In deciding whether to grant the temporary injunction, I wish to refer to and rely on the precedent set out in the case of GIELLA versus CASSMAN BROWN (1973) EA 358 in which the conditions for the grant of an interlocutory injunction were settled as follows:

“The conditions for the grant of an interlocutory injunction are now, I think, well settled in East Africa. First, an applicant must show a prima facie case with a probability of success. Secondly, an interlocutory injunction will not be normally granted unless the applicant might otherwise suffer irreparable injury which would not adequately be compensated by an award of damages. Thirdly, if the court is in doubt, it will decide an application on the balance of convenience.”

Has the Plaintiff/Applicant made out a prima facie case with a probability of success? In the case of MRAO versus FIRST AMERICAN BANK OF KENYA LIMITED & 2 OTHERS (2003) KLR 125, a prima facie case was described as follows:

“a prima facie case in a Civil Application includes but is not confined to a ‘genuine and arguable case’. It is a case which, on the material presented to the court, a tribunal properly directing itself will conclude that there exists a right which has apparently been infringed by the opposite party as to call for an explanation or rebuttal from the latter.”

The case before this court pits the Plaintiff against the 2nd Defendant who have rival claims to the suit property. The Plaintiff has laid claim to the suit property for which he swore he paid the total purchase price of Kshs. 4. 4 million to the 1st Defendant/Respondent. The 2nd Defendant/Respondent has made a similar rival claim over the suit property, claiming that he paid the total purchase price of Kshs. 5. 5 million to the 1st Defendant/Respondent for the suit property. Even the issue of who is in possession has been strongly contested with the Plaintiff claiming to be in possession after conceding to renting the same to the 1st Defendant/Respondent while the 2nd Defendant/Respondent claims to have rented the suit property out to a tenant. The 1st Defendant/Respondent does not admit it directly but she tacitly acknowledges the Plaintiff’s claim to the suit property by averring that when she refunds the 2nd Defendant/Respondent all the money he paid her for the suit property, she will then hand over the house and the title deed thereto to the Plaintiff. This case being the Plaintiff’s, the onus is on him to show this court that he has a “right” which has apparently been infringed and which calls for an explanation or rebuttal. My observation is that to this stage, none of the parties to this suit have demonstrated their ownership to the suit property by exhibiting a title document. The 1st Defendant/Respondent, who is at the centre of this dispute, has been in possession of the suit property as a tenant of the National Housing Corporation. While there is an argument that she has now paid off the entire purchase price to the National Housing Corporation for the suit property, she has not exhibited any title document over the suit property to this court. It follows therefore that neither the Plaintiff nor the 2nd Defendant/Respondent have exhibited any title documents to the suit property. Both the Plaintiff/Applicant and the 2nd Defendant/Respondent have exhibited sale agreements as well as evidence of payment of the purchase price for the suit property. To that extent therefore, I am of the view that at this interlocutory stage of these proceedings, the Plaintiff/Applicant has not established a prima facie case with a probability of success at the main trial.

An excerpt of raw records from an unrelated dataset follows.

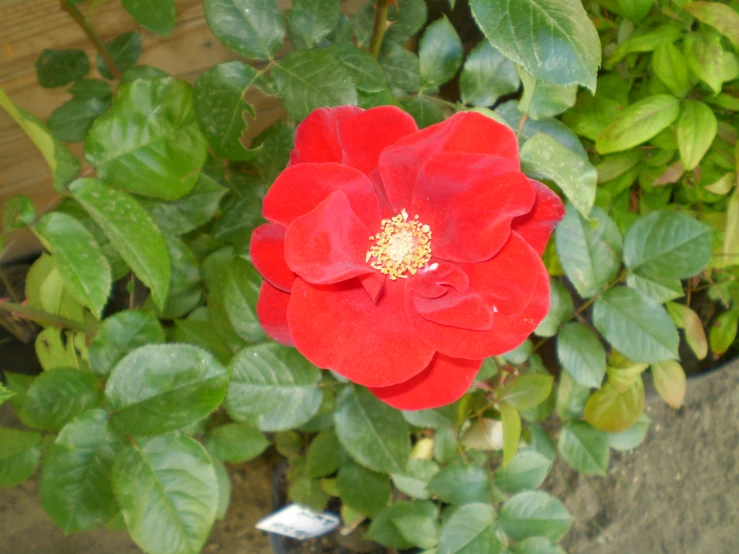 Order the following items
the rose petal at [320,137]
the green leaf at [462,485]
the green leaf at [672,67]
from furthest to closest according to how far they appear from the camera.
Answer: the green leaf at [672,67], the green leaf at [462,485], the rose petal at [320,137]

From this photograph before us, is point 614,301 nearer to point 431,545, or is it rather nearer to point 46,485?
point 431,545

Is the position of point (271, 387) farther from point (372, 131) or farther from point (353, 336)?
point (372, 131)

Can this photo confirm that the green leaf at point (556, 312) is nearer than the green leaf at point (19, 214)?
No

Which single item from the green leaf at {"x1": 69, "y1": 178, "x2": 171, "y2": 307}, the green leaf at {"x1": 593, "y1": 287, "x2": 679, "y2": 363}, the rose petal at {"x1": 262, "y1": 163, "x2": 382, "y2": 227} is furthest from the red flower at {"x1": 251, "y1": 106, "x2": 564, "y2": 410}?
the green leaf at {"x1": 593, "y1": 287, "x2": 679, "y2": 363}

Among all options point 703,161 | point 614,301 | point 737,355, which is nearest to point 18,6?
point 614,301

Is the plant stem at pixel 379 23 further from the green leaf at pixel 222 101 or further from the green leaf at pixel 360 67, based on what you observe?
the green leaf at pixel 222 101

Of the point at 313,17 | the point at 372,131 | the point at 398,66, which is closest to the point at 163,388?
the point at 372,131

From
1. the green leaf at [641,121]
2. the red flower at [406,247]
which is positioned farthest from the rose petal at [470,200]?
the green leaf at [641,121] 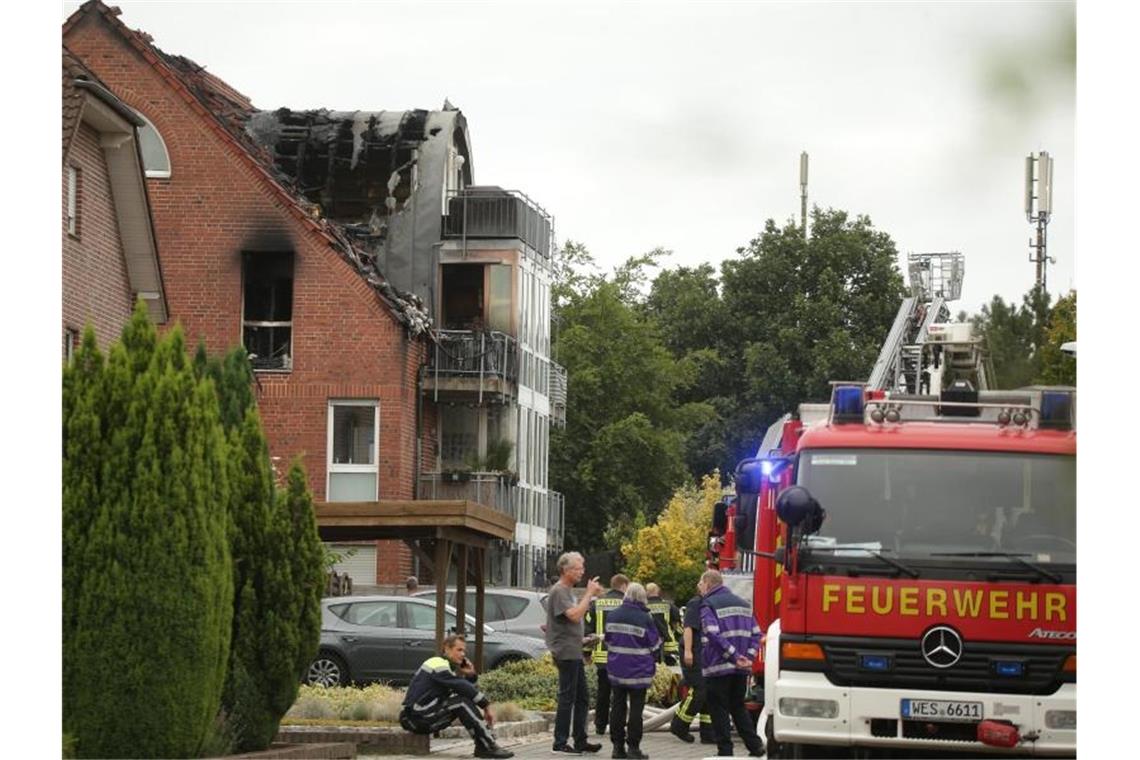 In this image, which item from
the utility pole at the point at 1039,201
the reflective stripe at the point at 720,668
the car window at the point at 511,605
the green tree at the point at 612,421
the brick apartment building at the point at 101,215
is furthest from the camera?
the green tree at the point at 612,421

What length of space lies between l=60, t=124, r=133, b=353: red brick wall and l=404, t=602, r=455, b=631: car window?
5640mm

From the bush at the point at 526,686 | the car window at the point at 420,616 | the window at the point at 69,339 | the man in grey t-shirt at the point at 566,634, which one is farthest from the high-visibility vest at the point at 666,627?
the window at the point at 69,339

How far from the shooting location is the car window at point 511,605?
115 ft

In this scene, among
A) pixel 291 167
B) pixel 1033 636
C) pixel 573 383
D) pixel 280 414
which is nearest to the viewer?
pixel 1033 636

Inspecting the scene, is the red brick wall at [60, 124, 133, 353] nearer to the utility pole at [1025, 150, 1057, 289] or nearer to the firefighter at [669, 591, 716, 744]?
the firefighter at [669, 591, 716, 744]

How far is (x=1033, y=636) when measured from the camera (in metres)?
14.0

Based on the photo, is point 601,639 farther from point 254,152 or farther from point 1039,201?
point 254,152

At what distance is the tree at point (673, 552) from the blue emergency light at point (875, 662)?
4764 cm

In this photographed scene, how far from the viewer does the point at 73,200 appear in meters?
29.0

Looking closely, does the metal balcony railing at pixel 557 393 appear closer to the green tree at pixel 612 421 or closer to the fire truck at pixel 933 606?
the green tree at pixel 612 421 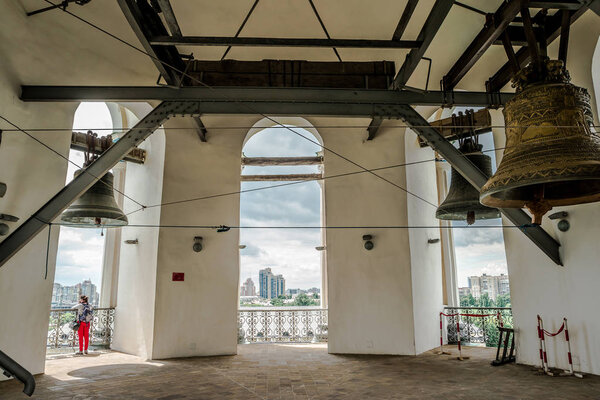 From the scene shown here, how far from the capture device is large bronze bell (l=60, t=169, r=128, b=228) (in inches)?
220

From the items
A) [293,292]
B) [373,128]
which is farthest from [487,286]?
[293,292]

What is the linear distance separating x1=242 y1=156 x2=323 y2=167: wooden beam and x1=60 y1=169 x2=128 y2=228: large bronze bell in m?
5.00

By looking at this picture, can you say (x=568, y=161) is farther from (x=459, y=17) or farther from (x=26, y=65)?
(x=26, y=65)

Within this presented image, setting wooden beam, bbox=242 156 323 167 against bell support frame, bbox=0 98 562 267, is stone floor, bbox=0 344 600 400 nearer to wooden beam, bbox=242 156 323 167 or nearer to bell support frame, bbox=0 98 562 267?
bell support frame, bbox=0 98 562 267

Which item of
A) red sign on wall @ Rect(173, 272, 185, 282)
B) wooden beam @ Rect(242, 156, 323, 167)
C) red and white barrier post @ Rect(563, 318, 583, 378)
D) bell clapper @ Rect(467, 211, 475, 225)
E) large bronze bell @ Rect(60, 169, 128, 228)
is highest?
wooden beam @ Rect(242, 156, 323, 167)

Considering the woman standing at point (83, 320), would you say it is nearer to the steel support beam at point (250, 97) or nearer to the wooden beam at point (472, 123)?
the steel support beam at point (250, 97)

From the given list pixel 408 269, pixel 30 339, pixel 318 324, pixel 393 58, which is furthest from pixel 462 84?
pixel 30 339

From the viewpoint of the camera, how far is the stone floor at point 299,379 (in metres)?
4.67

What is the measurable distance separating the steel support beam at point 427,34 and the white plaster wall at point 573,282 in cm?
253

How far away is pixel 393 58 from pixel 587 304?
192 inches

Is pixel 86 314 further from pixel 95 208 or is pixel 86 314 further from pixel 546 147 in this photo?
pixel 546 147

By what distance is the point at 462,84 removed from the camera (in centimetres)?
734

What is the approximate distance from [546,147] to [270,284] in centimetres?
1290

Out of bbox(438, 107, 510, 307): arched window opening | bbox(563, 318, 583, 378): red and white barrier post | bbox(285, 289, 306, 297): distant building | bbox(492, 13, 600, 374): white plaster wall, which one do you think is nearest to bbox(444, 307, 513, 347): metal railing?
bbox(438, 107, 510, 307): arched window opening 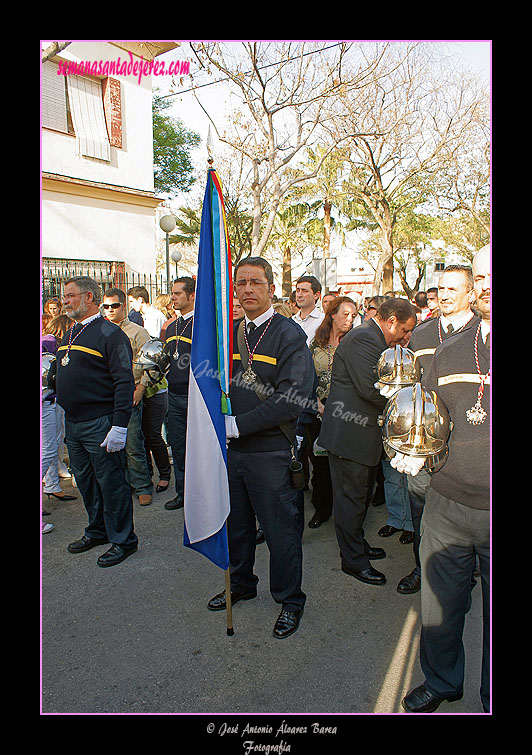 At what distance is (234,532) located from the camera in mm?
3457

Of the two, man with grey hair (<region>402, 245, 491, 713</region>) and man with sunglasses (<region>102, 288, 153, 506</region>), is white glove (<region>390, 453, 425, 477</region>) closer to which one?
man with grey hair (<region>402, 245, 491, 713</region>)

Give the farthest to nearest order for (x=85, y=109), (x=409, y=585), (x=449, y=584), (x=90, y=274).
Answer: (x=90, y=274) → (x=85, y=109) → (x=409, y=585) → (x=449, y=584)

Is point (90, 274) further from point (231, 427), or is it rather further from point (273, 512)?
point (273, 512)

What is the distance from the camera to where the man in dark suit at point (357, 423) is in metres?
3.69

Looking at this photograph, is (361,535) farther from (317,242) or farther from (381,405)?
(317,242)

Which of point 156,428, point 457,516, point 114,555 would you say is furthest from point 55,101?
point 457,516

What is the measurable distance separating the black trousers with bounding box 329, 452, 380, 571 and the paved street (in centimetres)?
19

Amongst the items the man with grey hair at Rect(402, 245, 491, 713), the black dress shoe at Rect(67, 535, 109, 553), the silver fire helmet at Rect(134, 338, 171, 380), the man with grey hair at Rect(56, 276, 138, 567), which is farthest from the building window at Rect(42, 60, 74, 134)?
the man with grey hair at Rect(402, 245, 491, 713)

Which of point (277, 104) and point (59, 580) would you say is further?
point (277, 104)

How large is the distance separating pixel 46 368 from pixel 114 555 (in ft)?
6.04

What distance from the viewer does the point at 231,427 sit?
313cm

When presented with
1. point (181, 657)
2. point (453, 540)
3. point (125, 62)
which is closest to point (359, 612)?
point (181, 657)

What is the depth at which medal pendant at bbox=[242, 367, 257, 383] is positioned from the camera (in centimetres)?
326

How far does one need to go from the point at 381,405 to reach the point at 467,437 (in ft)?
5.03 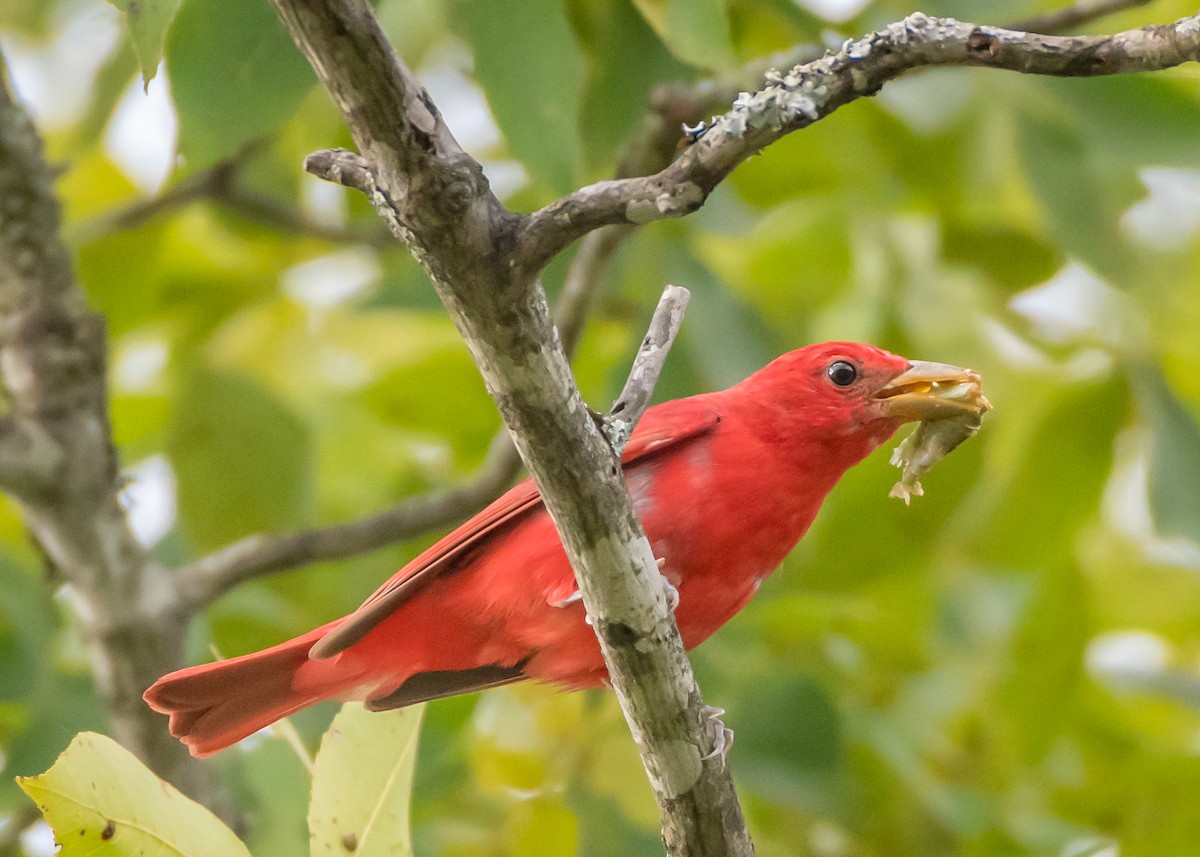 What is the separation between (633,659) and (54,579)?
208 cm

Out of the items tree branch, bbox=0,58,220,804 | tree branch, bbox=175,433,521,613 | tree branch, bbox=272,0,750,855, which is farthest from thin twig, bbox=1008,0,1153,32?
tree branch, bbox=0,58,220,804

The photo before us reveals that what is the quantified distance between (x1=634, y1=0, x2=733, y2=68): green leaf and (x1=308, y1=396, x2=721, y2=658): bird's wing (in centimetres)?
71

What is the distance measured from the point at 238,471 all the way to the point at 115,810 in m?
2.25

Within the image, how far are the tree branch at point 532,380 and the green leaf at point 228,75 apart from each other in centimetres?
105

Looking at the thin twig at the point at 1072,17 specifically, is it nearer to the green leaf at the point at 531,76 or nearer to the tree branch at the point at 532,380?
the green leaf at the point at 531,76

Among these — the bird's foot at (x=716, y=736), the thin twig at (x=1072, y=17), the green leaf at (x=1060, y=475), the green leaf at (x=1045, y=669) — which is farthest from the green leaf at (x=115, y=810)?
the green leaf at (x=1060, y=475)

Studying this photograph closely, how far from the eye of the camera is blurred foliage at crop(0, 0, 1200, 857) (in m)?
3.77

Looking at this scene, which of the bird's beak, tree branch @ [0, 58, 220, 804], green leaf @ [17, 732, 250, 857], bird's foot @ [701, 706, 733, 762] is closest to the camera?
green leaf @ [17, 732, 250, 857]

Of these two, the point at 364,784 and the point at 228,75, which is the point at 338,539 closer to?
the point at 228,75

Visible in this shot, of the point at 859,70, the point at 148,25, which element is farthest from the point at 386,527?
the point at 859,70

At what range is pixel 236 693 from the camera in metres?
2.73

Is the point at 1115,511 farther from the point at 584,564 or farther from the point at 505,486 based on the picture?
the point at 584,564

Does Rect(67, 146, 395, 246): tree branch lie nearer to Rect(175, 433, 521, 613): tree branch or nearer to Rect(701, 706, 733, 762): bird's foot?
Rect(175, 433, 521, 613): tree branch

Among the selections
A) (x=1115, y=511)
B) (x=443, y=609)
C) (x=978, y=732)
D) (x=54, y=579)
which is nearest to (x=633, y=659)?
(x=443, y=609) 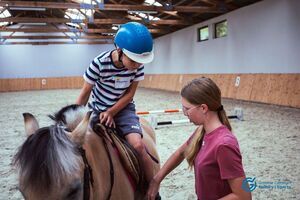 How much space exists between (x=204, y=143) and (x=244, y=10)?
474 inches

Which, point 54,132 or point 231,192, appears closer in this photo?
point 54,132

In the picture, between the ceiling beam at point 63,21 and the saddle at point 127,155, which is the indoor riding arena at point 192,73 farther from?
the saddle at point 127,155

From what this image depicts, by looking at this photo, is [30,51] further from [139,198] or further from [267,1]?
[139,198]

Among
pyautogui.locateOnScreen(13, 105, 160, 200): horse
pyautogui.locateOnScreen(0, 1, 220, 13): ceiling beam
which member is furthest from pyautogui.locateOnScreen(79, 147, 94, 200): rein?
pyautogui.locateOnScreen(0, 1, 220, 13): ceiling beam

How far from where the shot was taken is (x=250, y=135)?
6191 millimetres

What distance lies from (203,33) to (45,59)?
15.0 m

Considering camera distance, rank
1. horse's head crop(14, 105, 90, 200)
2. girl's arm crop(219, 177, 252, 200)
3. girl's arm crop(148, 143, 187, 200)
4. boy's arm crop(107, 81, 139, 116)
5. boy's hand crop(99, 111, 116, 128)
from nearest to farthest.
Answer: horse's head crop(14, 105, 90, 200), girl's arm crop(219, 177, 252, 200), girl's arm crop(148, 143, 187, 200), boy's hand crop(99, 111, 116, 128), boy's arm crop(107, 81, 139, 116)

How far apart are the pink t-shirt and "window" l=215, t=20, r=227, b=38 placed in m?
13.2

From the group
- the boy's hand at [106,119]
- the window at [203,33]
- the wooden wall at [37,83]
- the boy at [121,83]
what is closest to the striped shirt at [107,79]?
the boy at [121,83]

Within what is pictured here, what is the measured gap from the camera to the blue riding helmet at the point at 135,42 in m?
1.90

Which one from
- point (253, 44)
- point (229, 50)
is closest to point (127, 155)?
point (253, 44)

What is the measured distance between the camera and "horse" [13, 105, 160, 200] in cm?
125

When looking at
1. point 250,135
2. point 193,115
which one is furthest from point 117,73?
point 250,135

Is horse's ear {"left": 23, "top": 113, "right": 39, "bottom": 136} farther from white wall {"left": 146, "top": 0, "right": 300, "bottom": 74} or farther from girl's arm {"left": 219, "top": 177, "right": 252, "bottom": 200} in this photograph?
white wall {"left": 146, "top": 0, "right": 300, "bottom": 74} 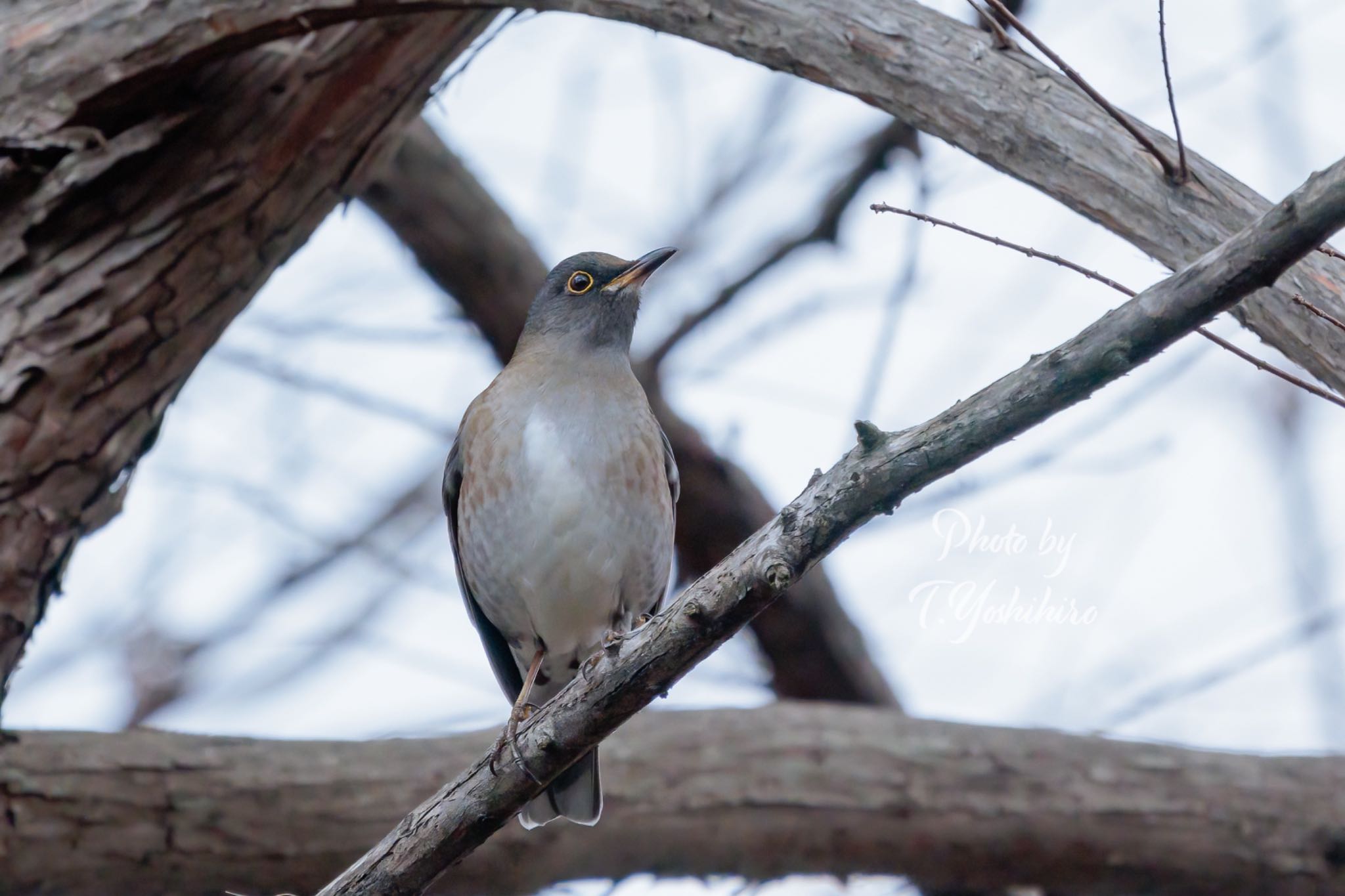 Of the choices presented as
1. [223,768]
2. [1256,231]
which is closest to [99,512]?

Since the Plaintiff has failed to prove the first ground in the grounds set down in the celebrated case of Giellaversus Cassman Brown, this Honourable Court need not venture into the other grounds. This position was upheld in the Court of Appeal case of Kenya Commercial Finance Co. Ltd versus Afraha Education Society (2001) 1 EA 86as follows:

“The sequence of steps to be followed in the enquiry into whether to grant an interlocutory injunction is … sequential so that the second condition can only be addressed if the first one is satisfied…”

In light of the foregoing, I hereby dismiss the Plaintiff’s Application. Costs shall be in the cause.